■ WHAT TO DO:
Your answer must be an exact copy of the records below, minus the pictures.

■ GIVEN INFORMATION:
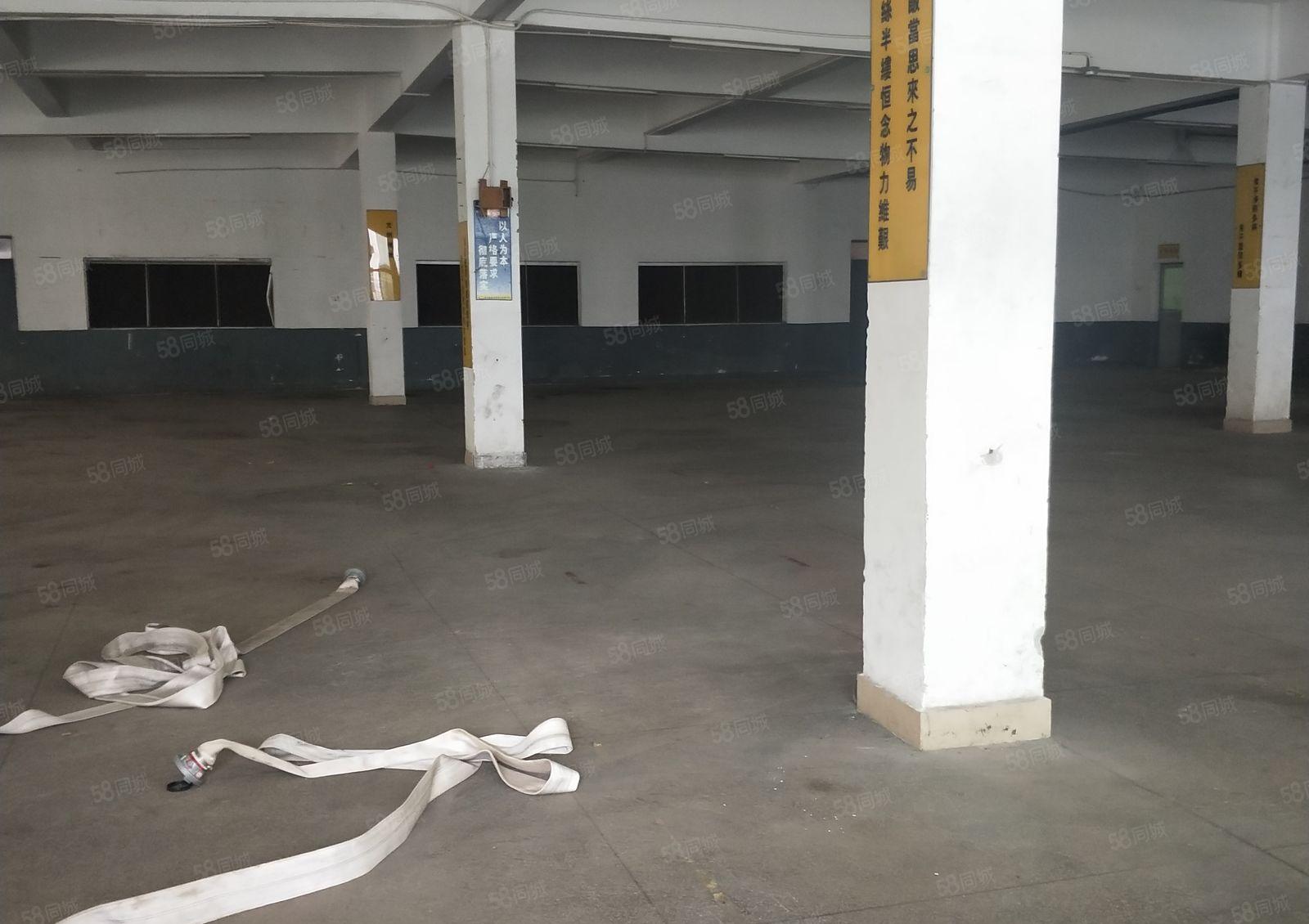 南城 周溪 经典 独院 一层 1100平方 位置好，空地大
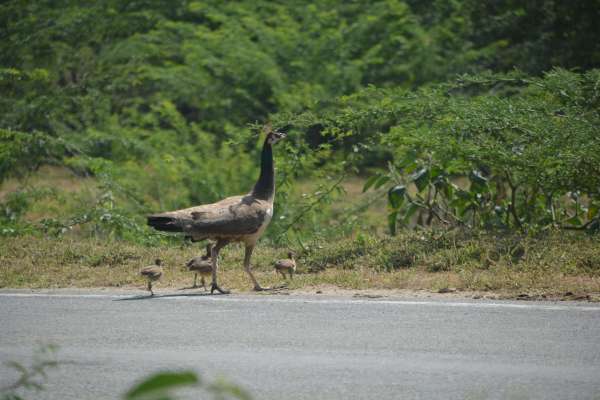 beautiful pics of peahen
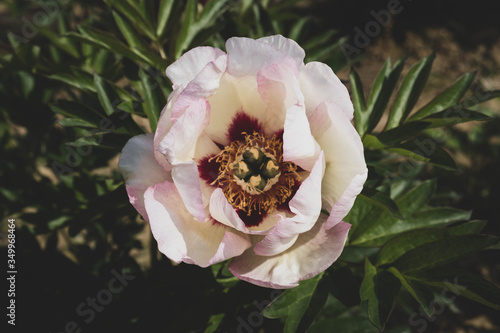 Fototapeta Naklejka Na Ścianę i Meble -  Beautiful fresh white vinous peony flower in full bloom in the garden.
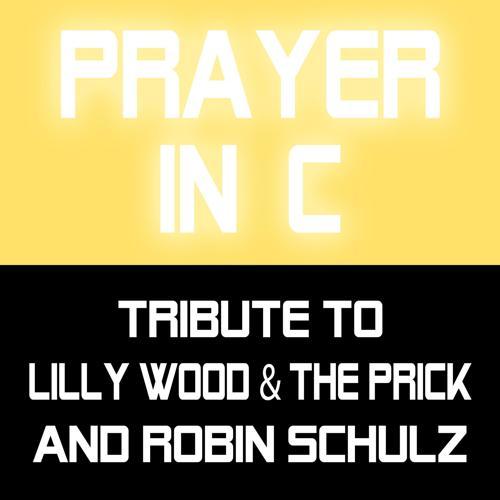 Tribute to Lilly Wood, Prick, Robin Schulz - Prayer in C (Karaoke Version)
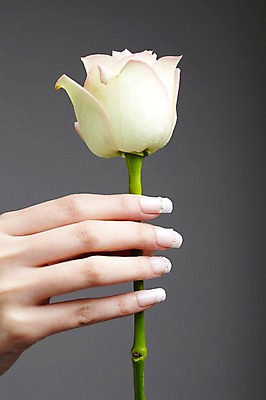 포토 JPG 스튜디오촬영 손 꽃 한송이 손가락 모션 한손 실내 손짓 신체부위 뷰티 장미 흰색 네일아트 손톱 국내포토 식물 1 컬러 사람 내부 송이 파일형식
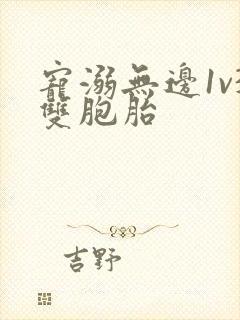 宠溺无边1v3双胞胎封面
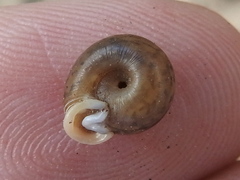 Daedalochila dorfeuilliana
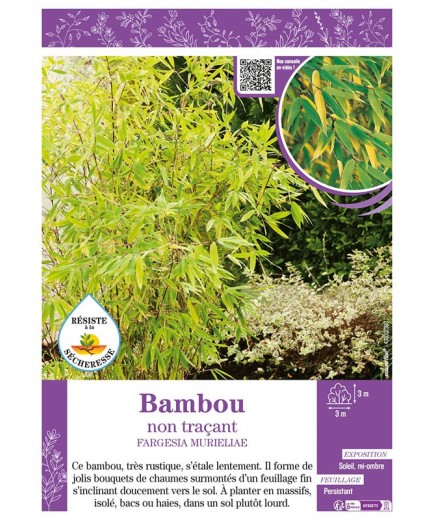 FARGESIA MURIELIAE voir Bambou non traçant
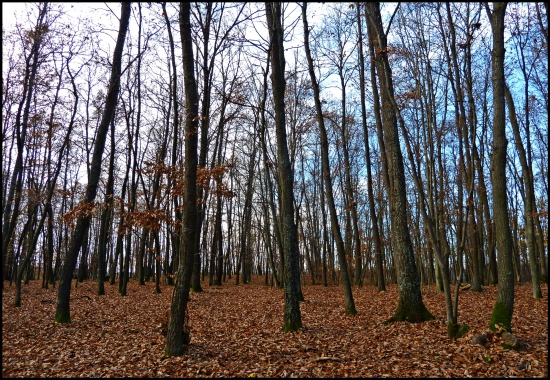 keď lístie opadá ...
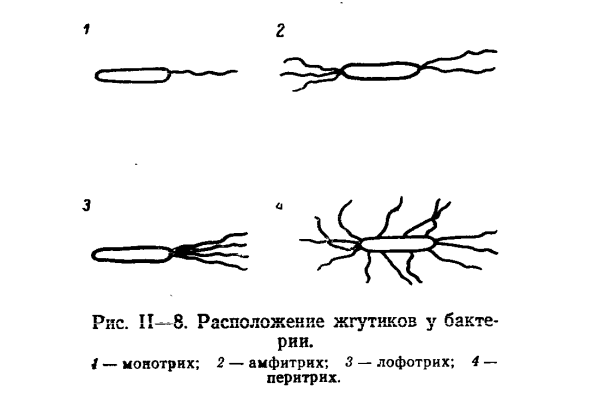 Строение микроорганизмов по расположению жгутиков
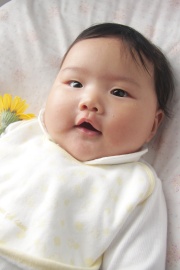 データについて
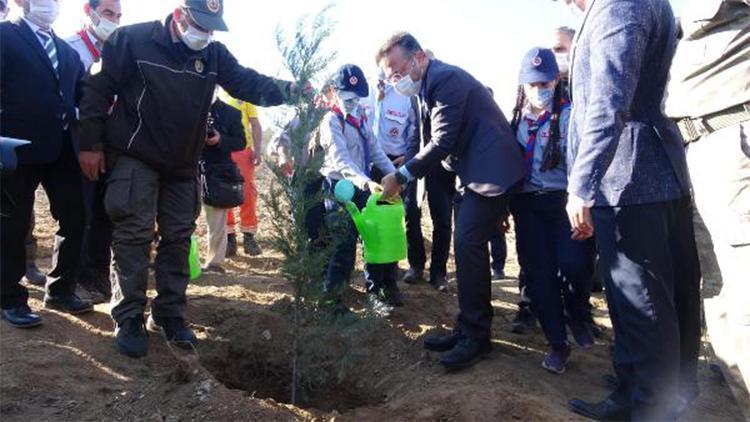 Aydında 10 bin fidan toprakla buluşturuldu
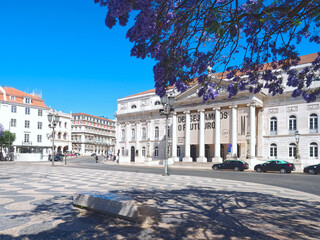 Rossio square in Lisbon in Portugal with purple blooming Jacaranda mimosifolia trees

■ WRITTEN SOLUTION:
 南城 周溪 经典 独院 一层 1100平方 位置好，空地大
 beautiful pics of peahen
 Fototapeta Naklejka Na Ścianę i Meble -  Beautiful fresh white vinous peony flower in full bloom in the garden.
 Tribute to Lilly Wood, Prick, Robin Schulz - Prayer in C (Karaoke Version)
 포토 JPG 스튜디오촬영 손 꽃 한송이 손가락 모션 한손 실내 손짓 신체부위 뷰티 장미 흰색 네일아트 손톱 국내포토 식물 1 컬러 사람 내부 송이 파일형식
 宠溺无边1v3双胞胎封面
 Daedalochila dorfeuilliana
 FARGESIA MURIELIAE voir Bambou non traçant
 keď lístie opadá ...
 Строение микроорганизмов по расположению жгутиков
 データについて
 Aydında 10 bin fidan toprakla buluşturuldu
 Rossio square in Lisbon in Portugal with purple blooming Jacaranda mimosifolia trees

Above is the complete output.